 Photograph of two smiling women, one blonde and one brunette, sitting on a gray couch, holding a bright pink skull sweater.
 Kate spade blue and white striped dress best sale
==
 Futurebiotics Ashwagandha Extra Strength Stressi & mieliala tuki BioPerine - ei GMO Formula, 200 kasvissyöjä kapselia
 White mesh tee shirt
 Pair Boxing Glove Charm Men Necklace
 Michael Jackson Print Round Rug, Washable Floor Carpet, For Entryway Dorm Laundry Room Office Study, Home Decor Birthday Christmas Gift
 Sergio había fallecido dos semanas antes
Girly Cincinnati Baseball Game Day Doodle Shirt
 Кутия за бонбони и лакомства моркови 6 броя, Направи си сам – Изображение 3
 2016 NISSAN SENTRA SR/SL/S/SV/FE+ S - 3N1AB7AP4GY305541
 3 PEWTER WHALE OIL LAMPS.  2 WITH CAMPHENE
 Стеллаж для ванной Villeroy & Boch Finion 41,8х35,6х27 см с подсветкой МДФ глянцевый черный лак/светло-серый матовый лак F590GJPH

■ Prompt:
Everything above from the line containing "Photograph of two" through the line containing "Kate spade blue" must be copied exactly. Nothing outside that range belongs in the answer.

■ Result for this task:
 Photograph of two smiling women, one blonde and one brunette, sitting on a gray couch, holding a bright pink skull sweater.
 Kate spade blue and white striped dress best sale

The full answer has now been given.